EU-Abgeordnete stimmen für Rückgaberecht auch bei “kostenlosen” Apps und Online-Diensten

EU-Abgeordnete stimmen für Rückgaberecht auch bei "kostenlosen" Apps und Online-Diensten

(Bild: europa.eu)

Nach dem Ministerrat haben sich EU-Parlamentarier dafür ausgesprochen, dass Verbraucher Ansprüche auf Reparatur, Updates oder Rückgabe digitaler Angebote erhalten sollen, auch wenn sie dafür mit ihren Daten bezahlen.

Auf EU-Ebene zeichnet sich eine gemeinsame Linie für ein “modernes Vertragsrecht für die Online-Wirtschaft” ab, wonach Anbieter digitaler Güter sowie Dienste stärker für Apps, Musikdateien, Filme, Spiele oder E-Books haften sollen. Ähnlich wie der EU-Rat haben am Dienstag auch die Ausschüsse für Recht und Binnenmarkt des EU-Parlaments für das Gesetzespaket plädiert. Verbraucher sollen demnach umfangreiche Gewährleistungsansprüche etwa auf Reparatur, Updates oder Rückgabe bekommen, wenn sie für die Ware klassisch bezahlen oder im Gegenzug etwa für den Zugang zu einem Online-Dienst ihre persönlichen Daten abgeben. Bei letzteren handle es sich nicht um einen reinen Gebrauchsgegenstand, sondern um einen geschützten Wert.

Wenn ein Nutzer beispielsweise einen Film von einer legalen Bezahlplattform herunterlädt und ihn wegen schlechter technischer Qualität nicht auf seinem Rechner anschauen kann, erhält er derzeit meist nur einen Preisnachlass für künftige Downloads. Unter den von den Abgeordneten befürworteten Regeln könnte er dagegen von dem Anbieter eine andere, korrekt funktionierende Version verlangen. Sollte sich dies nicht bewerkstelligen lassen, könnte der Kunde auf eine Preisminderung oder eine volle Rückzahlung drängen. Wenn er den Vertrag widerruft müsste er sein Geld binnen 14 Tagen zurückerhalten.

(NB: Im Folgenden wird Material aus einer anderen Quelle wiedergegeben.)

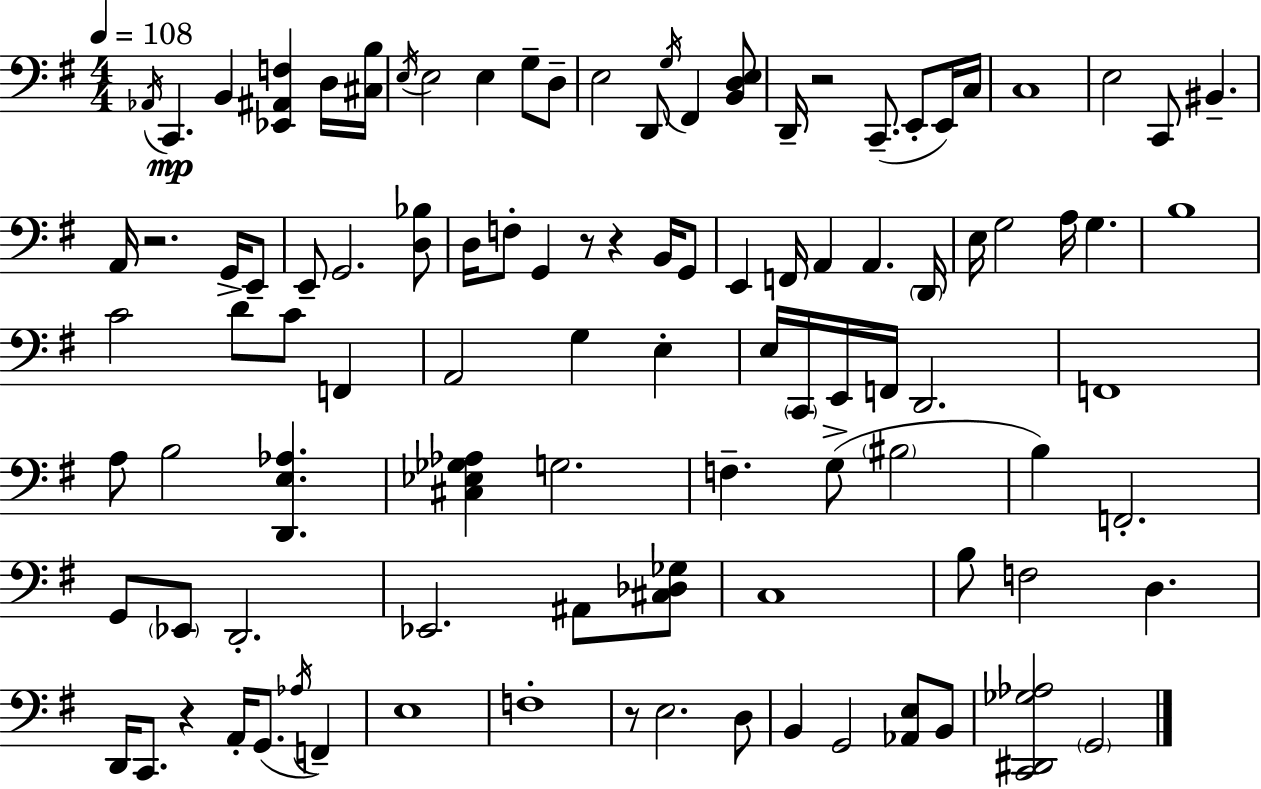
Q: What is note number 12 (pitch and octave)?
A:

In Streitfällen wollen die Abgeordneten – ebenso wie EU-Kommission und Ministerrat – die Beweislast umkehren. Der Hersteller müsste also belegen, dass die ausgegebene Ware in Ordnung war. Derzeit sind Verbraucher in einigen Mitgliedsstaaten noch verpflichtet, selbst nachzuweisen, dass ein Mangel schon zur Lieferung bestand. Bei integrierter Software, die etwa in “smarten” Geräten eingebaut ist, soll die Beweislastumkehr für ein Jahr lang gelten, bei längerfristigeren Verträgen etwa für Cloud Computing oder soziale Netzwerke die gesamte Laufzeit über. Parlamentsberichterstatter betonten, dass das Vorhaben unerlässlich für den digitalen Binnenmarkt sei. Die Ausschussmitglieder haben den Verhandlungsführern das Mandat erteilt, direkt in die Kompromisssuche zu dem Dossier mit dem Rat und der Kommission einzusteigen. Dieser Auftrag muss vom Plenum nur noch formell bestätigt werden.